= Adi Karnataka =

Group of people in Karnataka, India

Adi Karnataka, often referred as "original people of region", is a term used for homogenous group of people in Karnataka who were warriors and rulers (Balgai) while some of them were agriculturalists and labourers (which are now known as Edgai). They were considered as the Kshatriyas.

== History ==
In the mid-1830s, a British traveller named Kristopher Fellowman did considerable research on the community which is also called Samantha' and 'Moola Kannadiga Kula' referring them as "once belonging to Kshatriya Kula which were called Samanta or Moolakanadiga Kula (original people of Karnataka)". They have been described as a service-oriented group, with women wearing sari and blouses and men wearing headgear with towels.
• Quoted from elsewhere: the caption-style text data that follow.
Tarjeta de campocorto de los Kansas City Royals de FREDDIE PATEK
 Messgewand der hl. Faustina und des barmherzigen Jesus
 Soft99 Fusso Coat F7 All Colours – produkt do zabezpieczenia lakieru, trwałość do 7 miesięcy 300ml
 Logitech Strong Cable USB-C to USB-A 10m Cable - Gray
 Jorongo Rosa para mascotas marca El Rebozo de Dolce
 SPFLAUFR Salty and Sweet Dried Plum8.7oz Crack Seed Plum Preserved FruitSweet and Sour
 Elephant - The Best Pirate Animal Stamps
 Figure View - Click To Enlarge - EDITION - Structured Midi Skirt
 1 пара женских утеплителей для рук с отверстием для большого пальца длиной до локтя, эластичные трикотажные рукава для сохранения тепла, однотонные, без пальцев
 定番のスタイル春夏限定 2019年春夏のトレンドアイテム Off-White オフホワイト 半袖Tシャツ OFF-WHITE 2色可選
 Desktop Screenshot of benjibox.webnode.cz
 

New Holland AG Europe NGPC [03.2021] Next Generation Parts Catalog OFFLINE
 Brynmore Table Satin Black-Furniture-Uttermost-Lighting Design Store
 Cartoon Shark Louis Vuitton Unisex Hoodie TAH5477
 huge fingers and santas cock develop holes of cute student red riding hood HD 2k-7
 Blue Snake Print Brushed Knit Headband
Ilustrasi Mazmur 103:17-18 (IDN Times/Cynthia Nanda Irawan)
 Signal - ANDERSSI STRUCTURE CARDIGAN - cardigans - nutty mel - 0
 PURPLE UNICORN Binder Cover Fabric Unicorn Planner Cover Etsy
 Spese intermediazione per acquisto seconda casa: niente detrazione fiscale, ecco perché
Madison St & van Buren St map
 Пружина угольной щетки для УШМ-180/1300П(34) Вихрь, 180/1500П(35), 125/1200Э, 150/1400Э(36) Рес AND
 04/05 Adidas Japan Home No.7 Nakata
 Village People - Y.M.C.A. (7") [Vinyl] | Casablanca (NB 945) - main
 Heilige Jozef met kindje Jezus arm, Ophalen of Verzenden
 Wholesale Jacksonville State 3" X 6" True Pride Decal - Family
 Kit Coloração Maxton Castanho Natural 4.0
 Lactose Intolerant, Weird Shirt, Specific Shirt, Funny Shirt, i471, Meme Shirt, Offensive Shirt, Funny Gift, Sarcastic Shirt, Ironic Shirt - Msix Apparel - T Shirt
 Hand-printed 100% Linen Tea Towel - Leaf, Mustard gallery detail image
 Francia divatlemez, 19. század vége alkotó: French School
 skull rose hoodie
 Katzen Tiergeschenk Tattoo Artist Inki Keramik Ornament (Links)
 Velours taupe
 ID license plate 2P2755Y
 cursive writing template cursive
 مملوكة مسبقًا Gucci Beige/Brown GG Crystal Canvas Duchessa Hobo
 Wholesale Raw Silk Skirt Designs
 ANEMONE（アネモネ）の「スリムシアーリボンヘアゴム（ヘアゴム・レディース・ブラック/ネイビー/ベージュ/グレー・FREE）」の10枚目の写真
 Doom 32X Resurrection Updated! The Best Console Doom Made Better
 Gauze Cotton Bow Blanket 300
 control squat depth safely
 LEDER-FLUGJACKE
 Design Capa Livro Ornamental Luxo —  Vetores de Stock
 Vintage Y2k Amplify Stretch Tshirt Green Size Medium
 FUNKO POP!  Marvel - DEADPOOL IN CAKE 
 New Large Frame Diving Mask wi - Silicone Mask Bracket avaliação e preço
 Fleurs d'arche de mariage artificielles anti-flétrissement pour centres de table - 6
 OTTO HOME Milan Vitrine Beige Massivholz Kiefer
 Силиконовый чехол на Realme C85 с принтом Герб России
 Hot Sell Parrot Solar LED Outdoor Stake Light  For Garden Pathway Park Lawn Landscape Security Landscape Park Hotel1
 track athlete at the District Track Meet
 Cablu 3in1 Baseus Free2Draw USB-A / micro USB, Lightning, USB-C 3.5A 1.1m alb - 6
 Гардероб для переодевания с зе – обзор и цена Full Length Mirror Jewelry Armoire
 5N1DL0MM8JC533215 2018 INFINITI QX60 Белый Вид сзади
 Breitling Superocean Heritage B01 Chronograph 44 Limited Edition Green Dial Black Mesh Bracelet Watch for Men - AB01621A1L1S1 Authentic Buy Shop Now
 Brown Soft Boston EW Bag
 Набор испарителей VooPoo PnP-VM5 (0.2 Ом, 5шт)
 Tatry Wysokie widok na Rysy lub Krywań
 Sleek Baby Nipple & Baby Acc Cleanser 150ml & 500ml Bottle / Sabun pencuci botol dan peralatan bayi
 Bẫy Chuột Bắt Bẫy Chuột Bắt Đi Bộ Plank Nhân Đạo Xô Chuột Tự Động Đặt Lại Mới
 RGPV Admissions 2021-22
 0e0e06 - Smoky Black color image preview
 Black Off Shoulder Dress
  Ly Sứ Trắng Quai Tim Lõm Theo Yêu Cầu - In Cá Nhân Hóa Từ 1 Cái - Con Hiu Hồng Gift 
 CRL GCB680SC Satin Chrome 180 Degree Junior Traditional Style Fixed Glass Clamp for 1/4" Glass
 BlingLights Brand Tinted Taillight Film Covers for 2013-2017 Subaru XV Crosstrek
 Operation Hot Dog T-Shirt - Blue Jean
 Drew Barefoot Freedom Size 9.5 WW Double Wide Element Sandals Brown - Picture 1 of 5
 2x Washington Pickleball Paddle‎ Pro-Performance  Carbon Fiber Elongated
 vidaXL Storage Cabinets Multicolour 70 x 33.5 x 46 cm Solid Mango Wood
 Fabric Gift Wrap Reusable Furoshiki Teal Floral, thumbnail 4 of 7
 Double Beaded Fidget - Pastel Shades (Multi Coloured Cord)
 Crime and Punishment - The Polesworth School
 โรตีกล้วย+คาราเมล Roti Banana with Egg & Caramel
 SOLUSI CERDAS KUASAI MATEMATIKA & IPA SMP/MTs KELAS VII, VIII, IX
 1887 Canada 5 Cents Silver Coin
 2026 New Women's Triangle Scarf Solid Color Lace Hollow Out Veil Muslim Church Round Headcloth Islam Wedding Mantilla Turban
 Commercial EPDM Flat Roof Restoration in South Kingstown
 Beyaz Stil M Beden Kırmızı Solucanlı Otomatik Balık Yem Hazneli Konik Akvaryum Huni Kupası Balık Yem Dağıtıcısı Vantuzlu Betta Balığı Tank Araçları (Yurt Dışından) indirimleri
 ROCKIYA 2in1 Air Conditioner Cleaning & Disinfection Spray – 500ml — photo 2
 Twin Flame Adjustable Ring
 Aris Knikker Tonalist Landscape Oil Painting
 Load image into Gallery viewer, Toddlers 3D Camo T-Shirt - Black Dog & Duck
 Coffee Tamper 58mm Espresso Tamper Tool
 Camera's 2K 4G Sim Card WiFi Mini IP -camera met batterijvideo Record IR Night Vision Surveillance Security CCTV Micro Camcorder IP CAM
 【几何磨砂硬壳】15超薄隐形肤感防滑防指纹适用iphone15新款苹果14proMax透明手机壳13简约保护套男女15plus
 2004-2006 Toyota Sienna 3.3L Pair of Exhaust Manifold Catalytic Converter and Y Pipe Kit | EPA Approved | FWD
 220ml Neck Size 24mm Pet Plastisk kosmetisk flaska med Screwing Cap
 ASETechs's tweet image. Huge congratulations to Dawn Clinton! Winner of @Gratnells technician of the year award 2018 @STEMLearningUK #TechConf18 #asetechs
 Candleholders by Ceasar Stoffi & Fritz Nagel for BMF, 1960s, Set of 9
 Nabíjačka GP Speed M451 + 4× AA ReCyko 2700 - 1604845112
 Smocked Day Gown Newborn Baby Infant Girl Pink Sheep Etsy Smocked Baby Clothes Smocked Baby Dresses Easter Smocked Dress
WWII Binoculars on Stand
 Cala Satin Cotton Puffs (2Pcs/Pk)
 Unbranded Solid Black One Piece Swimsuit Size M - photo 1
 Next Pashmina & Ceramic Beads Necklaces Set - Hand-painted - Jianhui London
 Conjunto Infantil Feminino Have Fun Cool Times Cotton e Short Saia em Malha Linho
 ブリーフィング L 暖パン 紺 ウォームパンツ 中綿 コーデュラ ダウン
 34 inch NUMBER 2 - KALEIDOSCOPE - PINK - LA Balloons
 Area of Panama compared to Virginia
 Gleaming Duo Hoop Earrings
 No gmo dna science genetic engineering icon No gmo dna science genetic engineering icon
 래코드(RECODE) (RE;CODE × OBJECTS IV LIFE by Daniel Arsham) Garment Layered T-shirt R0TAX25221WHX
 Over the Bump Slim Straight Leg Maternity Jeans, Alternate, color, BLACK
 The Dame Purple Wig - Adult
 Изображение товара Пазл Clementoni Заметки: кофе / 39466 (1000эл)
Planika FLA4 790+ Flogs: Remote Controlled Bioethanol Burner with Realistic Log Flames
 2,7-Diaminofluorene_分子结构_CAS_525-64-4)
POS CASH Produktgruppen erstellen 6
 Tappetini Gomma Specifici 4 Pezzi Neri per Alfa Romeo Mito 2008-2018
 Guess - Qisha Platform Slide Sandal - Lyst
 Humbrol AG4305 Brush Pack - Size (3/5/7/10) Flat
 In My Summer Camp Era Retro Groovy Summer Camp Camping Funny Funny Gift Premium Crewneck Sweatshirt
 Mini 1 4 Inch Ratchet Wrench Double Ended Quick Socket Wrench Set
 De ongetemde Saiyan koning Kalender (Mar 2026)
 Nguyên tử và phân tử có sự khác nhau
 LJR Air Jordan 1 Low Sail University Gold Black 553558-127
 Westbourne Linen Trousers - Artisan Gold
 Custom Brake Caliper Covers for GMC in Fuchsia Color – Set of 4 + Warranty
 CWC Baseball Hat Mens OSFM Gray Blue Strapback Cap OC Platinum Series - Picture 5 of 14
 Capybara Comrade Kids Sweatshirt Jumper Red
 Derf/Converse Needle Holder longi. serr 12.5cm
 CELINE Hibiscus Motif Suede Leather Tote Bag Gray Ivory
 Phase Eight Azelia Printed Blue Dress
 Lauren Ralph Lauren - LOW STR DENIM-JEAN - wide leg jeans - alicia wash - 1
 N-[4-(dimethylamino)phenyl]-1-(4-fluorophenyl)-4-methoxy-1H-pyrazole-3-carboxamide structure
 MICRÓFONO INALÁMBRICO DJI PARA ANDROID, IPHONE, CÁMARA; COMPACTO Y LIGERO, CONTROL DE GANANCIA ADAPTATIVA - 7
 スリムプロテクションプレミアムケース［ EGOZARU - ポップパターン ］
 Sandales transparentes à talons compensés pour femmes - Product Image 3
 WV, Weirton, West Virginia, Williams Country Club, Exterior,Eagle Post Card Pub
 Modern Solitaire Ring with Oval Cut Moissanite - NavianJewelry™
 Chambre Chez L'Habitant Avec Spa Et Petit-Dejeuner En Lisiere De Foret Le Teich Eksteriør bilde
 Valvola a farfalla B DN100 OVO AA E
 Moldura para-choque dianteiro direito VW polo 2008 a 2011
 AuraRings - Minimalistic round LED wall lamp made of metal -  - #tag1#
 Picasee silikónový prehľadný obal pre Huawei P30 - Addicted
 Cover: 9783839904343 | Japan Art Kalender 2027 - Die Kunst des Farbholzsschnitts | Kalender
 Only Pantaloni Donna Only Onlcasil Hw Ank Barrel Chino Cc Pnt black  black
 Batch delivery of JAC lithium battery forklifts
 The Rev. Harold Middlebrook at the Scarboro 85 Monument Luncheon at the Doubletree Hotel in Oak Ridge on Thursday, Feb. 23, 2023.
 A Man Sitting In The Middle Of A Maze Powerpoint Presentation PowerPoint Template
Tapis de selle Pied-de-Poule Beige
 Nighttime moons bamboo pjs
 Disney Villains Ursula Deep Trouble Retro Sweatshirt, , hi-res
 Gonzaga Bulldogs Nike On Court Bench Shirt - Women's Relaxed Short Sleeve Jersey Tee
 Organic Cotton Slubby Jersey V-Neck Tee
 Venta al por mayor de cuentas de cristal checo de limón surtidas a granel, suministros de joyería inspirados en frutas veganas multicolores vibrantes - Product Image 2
The Samanthas divided their roles and responsibilities into 'Edgai' and 'Balgai' sub-groups, which translated as left and right hands, respectively. While the Balgais comprised monarchs and administrators, the Edgais (or artisans) were made responsible for work like farming, hunting and state security.

==Present day==
They are the largest Scheduled Caste community in Karnataka with a population of 29,20,942 as per 2011 census, primarily concentrated in Southern Karnataka. As per the Government of Karnataka, they are considered as Balagai' (or right-hand Dalit group), along with Holeya.